A verbatim transcript of the data below is required, images omitted.

(Recorded data)
════════════════
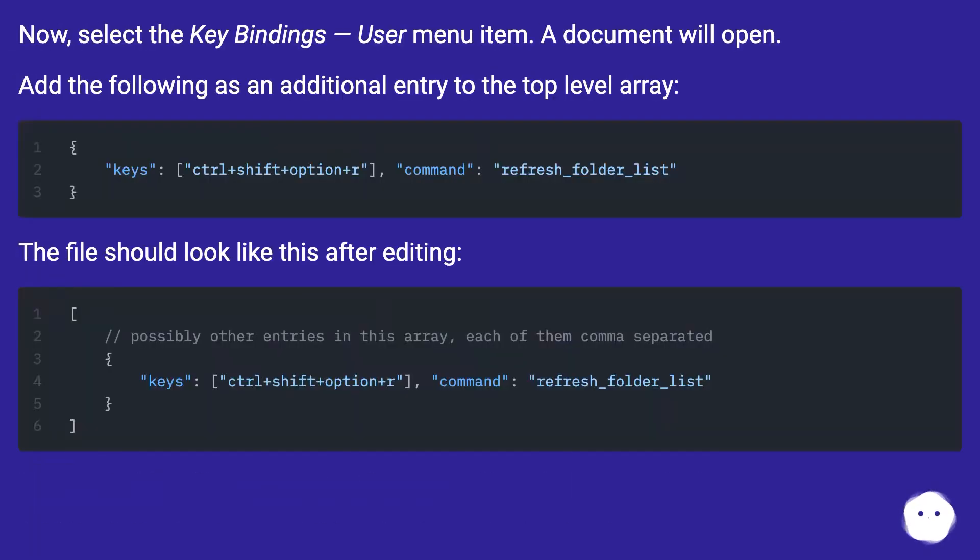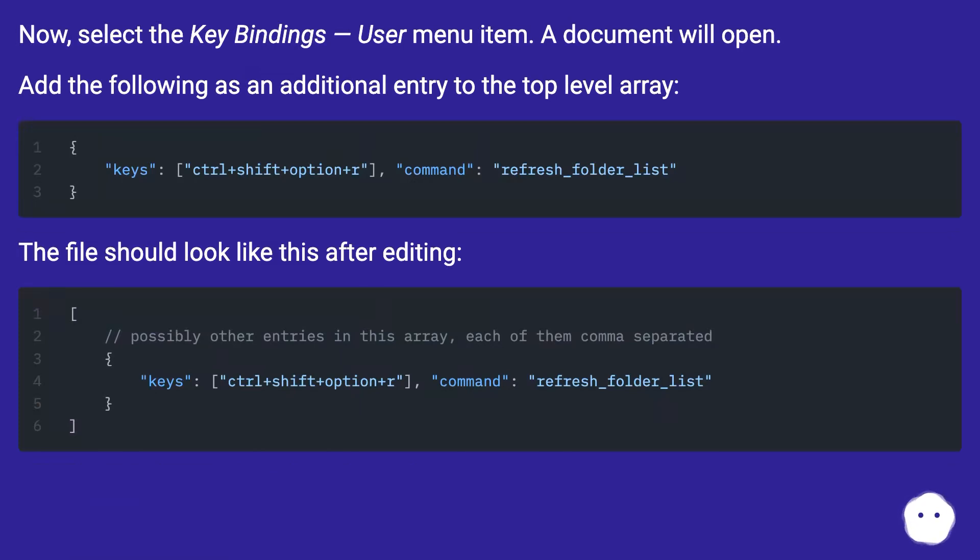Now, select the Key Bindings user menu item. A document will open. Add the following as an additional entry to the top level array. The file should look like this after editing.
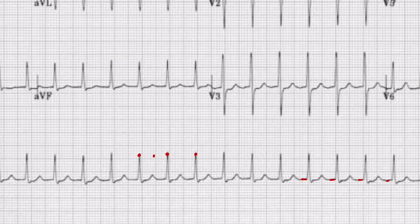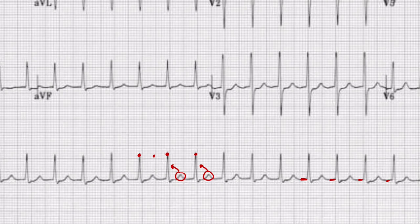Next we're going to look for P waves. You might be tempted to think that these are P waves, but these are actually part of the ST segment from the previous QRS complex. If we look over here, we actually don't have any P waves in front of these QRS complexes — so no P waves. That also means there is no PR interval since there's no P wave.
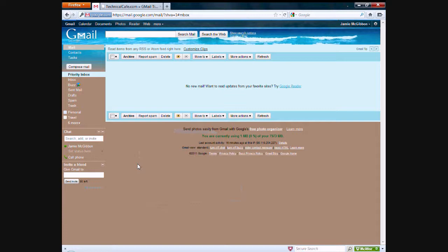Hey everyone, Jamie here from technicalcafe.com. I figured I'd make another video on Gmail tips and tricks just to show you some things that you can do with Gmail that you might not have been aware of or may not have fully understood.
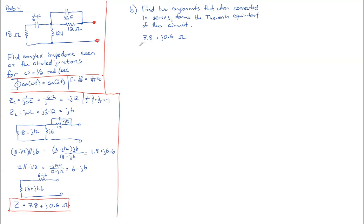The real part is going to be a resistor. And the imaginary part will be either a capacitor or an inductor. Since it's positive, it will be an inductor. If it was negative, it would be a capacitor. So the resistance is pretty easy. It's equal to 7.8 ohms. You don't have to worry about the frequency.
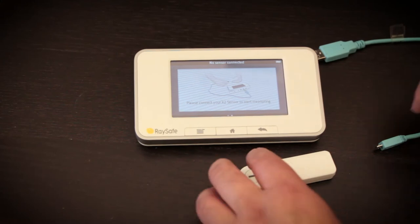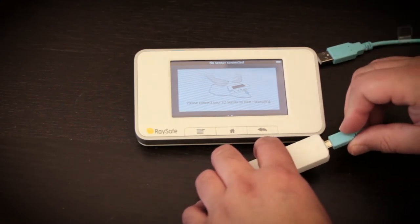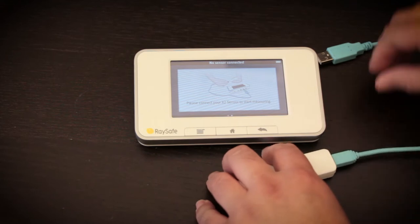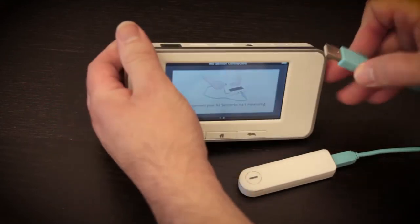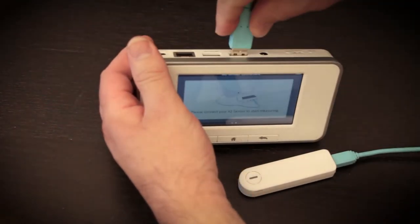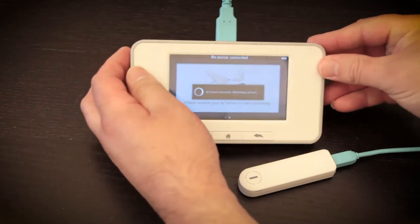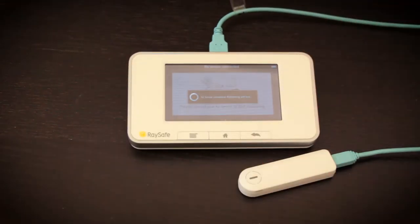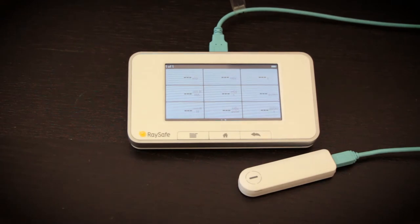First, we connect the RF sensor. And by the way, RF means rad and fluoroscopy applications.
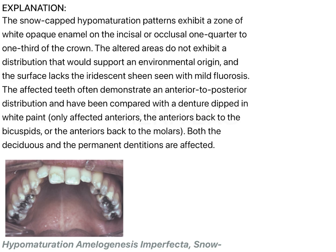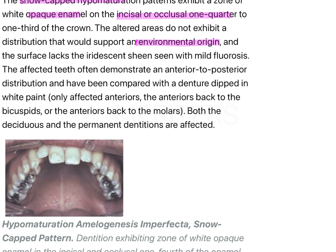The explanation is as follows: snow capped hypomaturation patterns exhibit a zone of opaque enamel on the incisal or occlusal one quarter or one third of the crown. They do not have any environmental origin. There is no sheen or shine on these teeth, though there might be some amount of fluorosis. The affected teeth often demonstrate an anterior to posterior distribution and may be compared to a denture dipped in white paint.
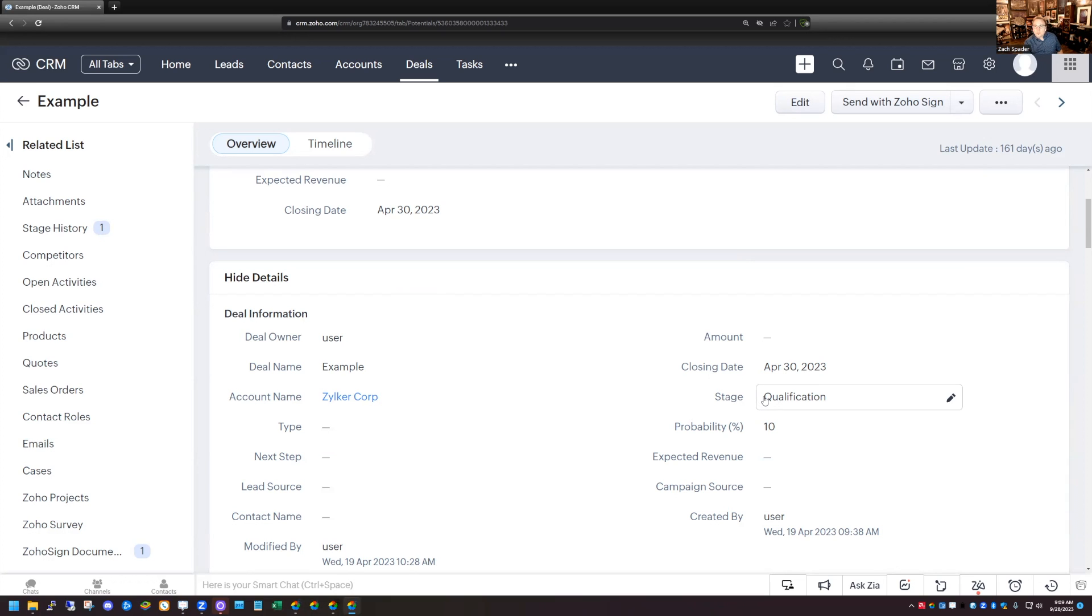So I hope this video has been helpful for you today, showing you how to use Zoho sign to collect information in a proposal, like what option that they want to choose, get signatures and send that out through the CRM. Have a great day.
════════════════
● **WRITTEN SOLUTION**:
Now, select the Key Bindings user menu item. A document will open. Add the following as an additional entry to the top level array. The file should look like this after editing.
Next we're going to look for P waves. You might be tempted to think that these are P waves, but these are actually part of the ST segment from the previous QRS complex. If we look over here, we actually don't have any P waves in front of these QRS complexes — so no P waves. That also means there is no PR interval since there's no P wave.
Hey everyone, Jamie here from technicalcafe.com. I figured I'd make another video on Gmail tips and tricks just to show you some things that you can do with Gmail that you might not have been aware of or may not have fully understood.
The real part is going to be a resistor. And the imaginary part will be either a capacitor or an inductor. Since it's positive, it will be an inductor. If it was negative, it would be a capacitor. So the resistance is pretty easy. It's equal to 7.8 ohms. You don't have to worry about the frequency.
First, we connect the RF sensor. And by the way, RF means rad and fluoroscopy applications.
The explanation is as follows: snow capped hypomaturation patterns exhibit a zone of opaque enamel on the incisal or occlusal one quarter or one third of the crown. They do not have any environmental origin. There is no sheen or shine on these teeth, though there might be some amount of fluorosis. The affected teeth often demonstrate an anterior to posterior distribution and may be compared to a denture dipped in white paint.
So I hope this video has been helpful for you today, showing you how to use Zoho sign to collect information in a proposal, like what option that they want to choose, get signatures and send that out through the CRM. Have a great day.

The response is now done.